→ WHAT YOU WILL DO: The answer should hold every line of the listing, unchanged and free of images.

BEGIN DATA SHOWN

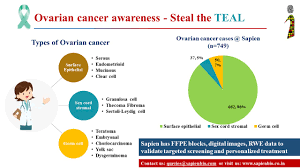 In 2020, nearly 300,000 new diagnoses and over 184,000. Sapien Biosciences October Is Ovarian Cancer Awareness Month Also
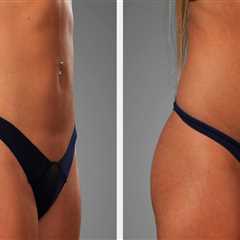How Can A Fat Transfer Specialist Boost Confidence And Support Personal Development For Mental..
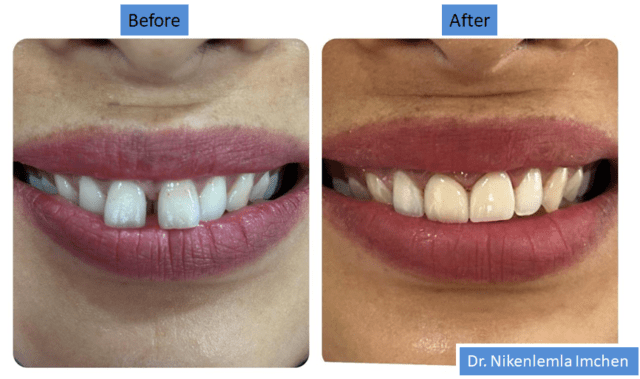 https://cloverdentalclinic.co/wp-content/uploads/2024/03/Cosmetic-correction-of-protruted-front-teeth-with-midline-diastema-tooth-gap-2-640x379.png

END DATA SHOWN

→ RESPONSE TO THE EXERCISE:
 In 2020, nearly 300,000 new diagnoses and over 184,000. Sapien Biosciences October Is Ovarian Cancer Awareness Month Also
How Can A Fat Transfer Specialist Boost Confidence And Support Personal Development For Mental..
 https://cloverdentalclinic.co/wp-content/uploads/2024/03/Cosmetic-correction-of-protruted-front-teeth-with-midline-diastema-tooth-gap-2-640x379.png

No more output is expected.